▶ **ENTRIES SHOWN**
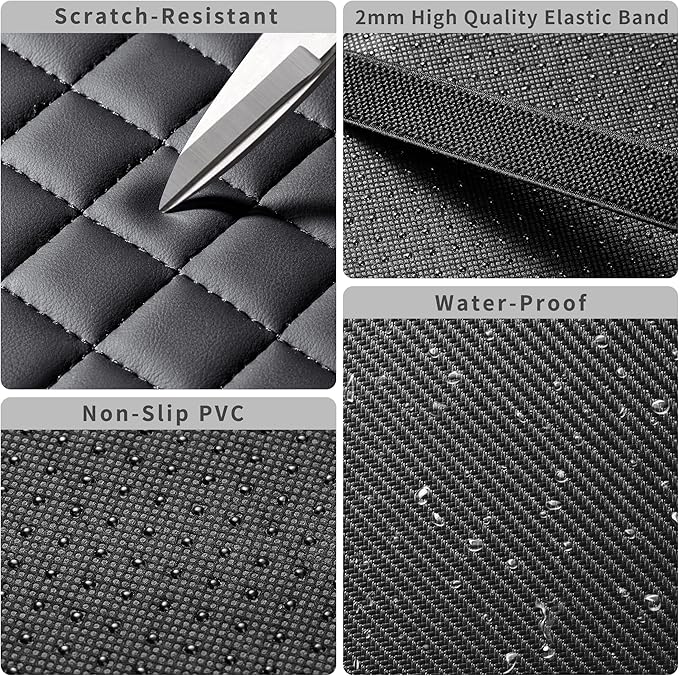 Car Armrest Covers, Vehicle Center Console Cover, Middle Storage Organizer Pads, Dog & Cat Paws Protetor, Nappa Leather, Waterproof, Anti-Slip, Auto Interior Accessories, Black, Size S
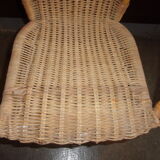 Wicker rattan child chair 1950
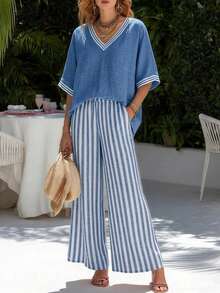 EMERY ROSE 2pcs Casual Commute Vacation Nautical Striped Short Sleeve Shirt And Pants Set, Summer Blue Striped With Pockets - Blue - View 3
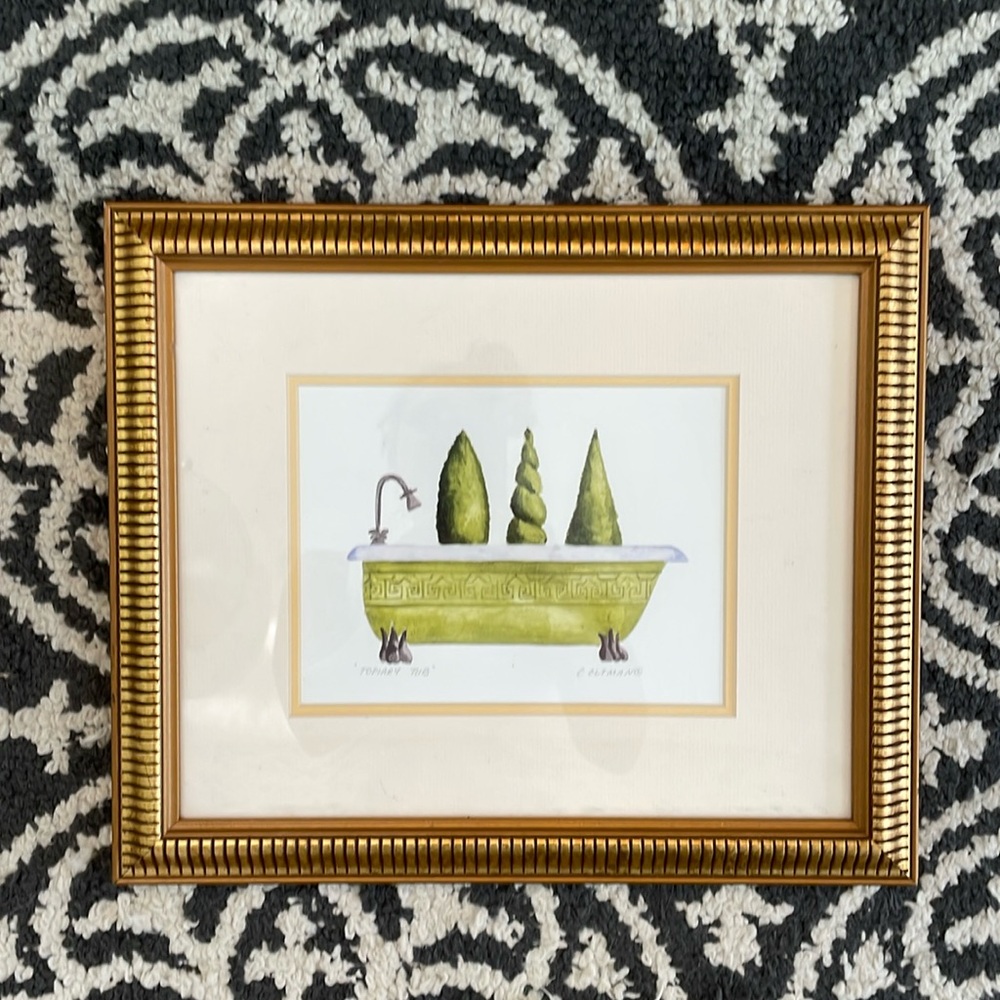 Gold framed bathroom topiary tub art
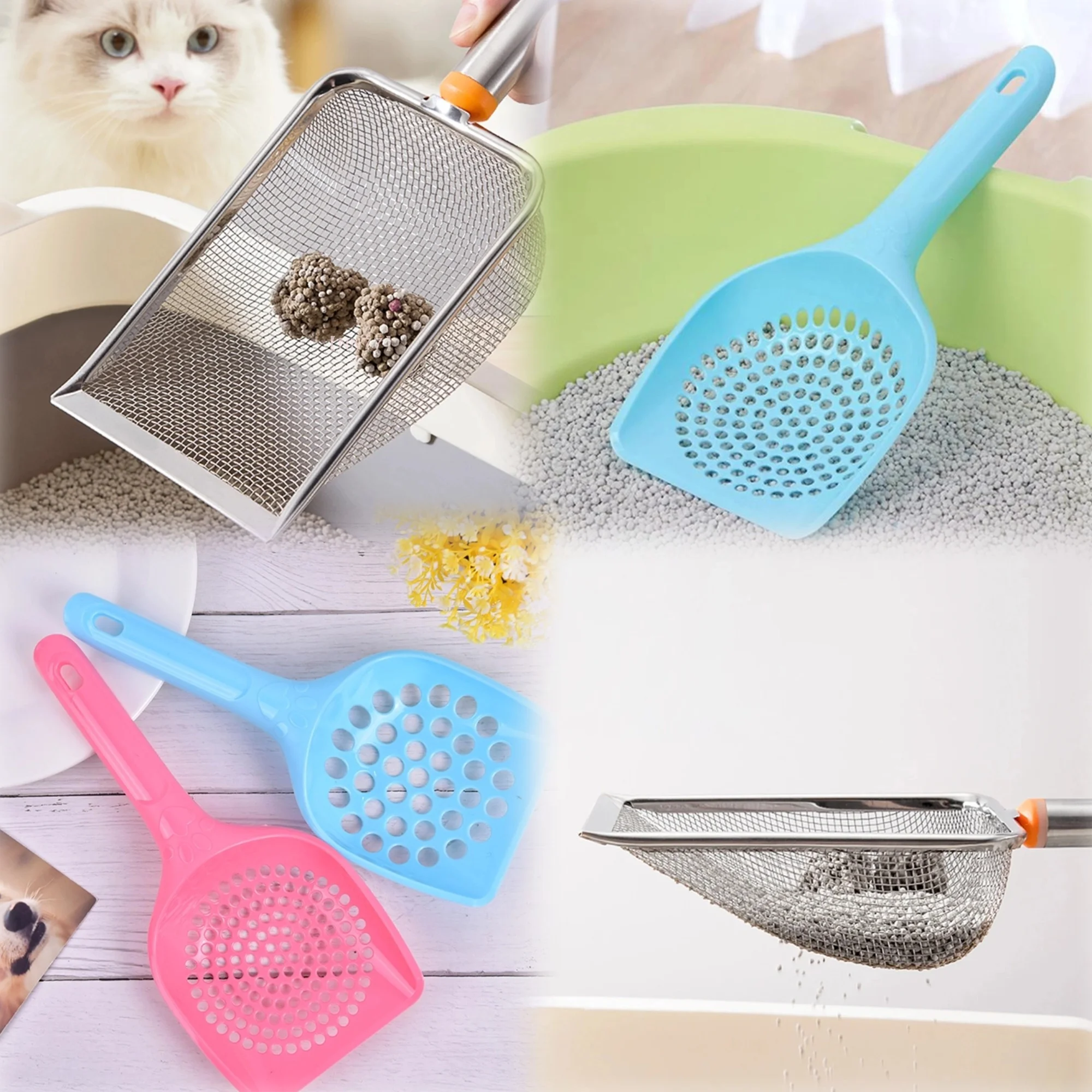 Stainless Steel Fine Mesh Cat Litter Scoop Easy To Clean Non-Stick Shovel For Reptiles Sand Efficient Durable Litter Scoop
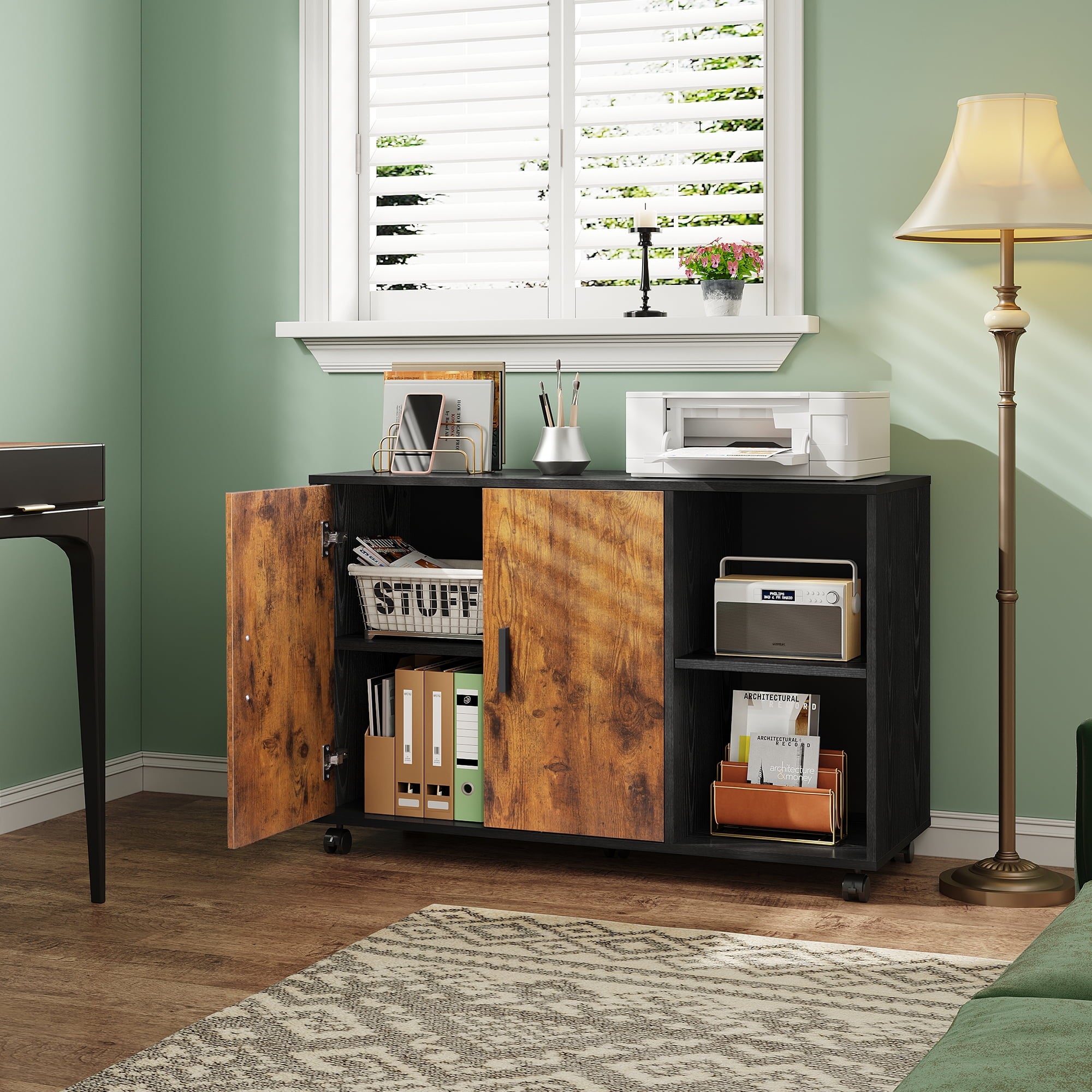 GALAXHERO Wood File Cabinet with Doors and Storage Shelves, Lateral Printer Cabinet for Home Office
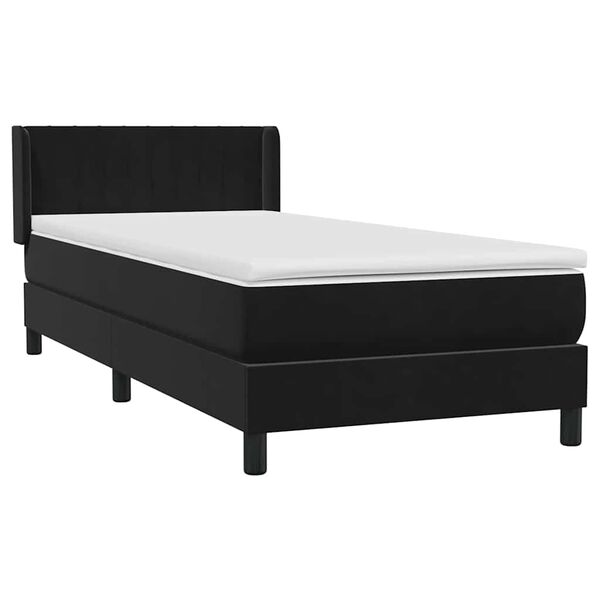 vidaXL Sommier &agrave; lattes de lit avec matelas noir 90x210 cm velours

▶ **TASK PROMPT**
Look above for the line with "Wicker rattan child chair 1950"; quote it and every line after it, stopping after the line with "Gold framed bathroom topiary tub art", exactly, with nothing added and without pictures.

▶ **RESULT OF THIS TASK**
 Wicker rattan child chair 1950
 EMERY ROSE 2pcs Casual Commute Vacation Nautical Striped Short Sleeve Shirt And Pants Set, Summer Blue Striped With Pockets - Blue - View 3
 Gold framed bathroom topiary tub art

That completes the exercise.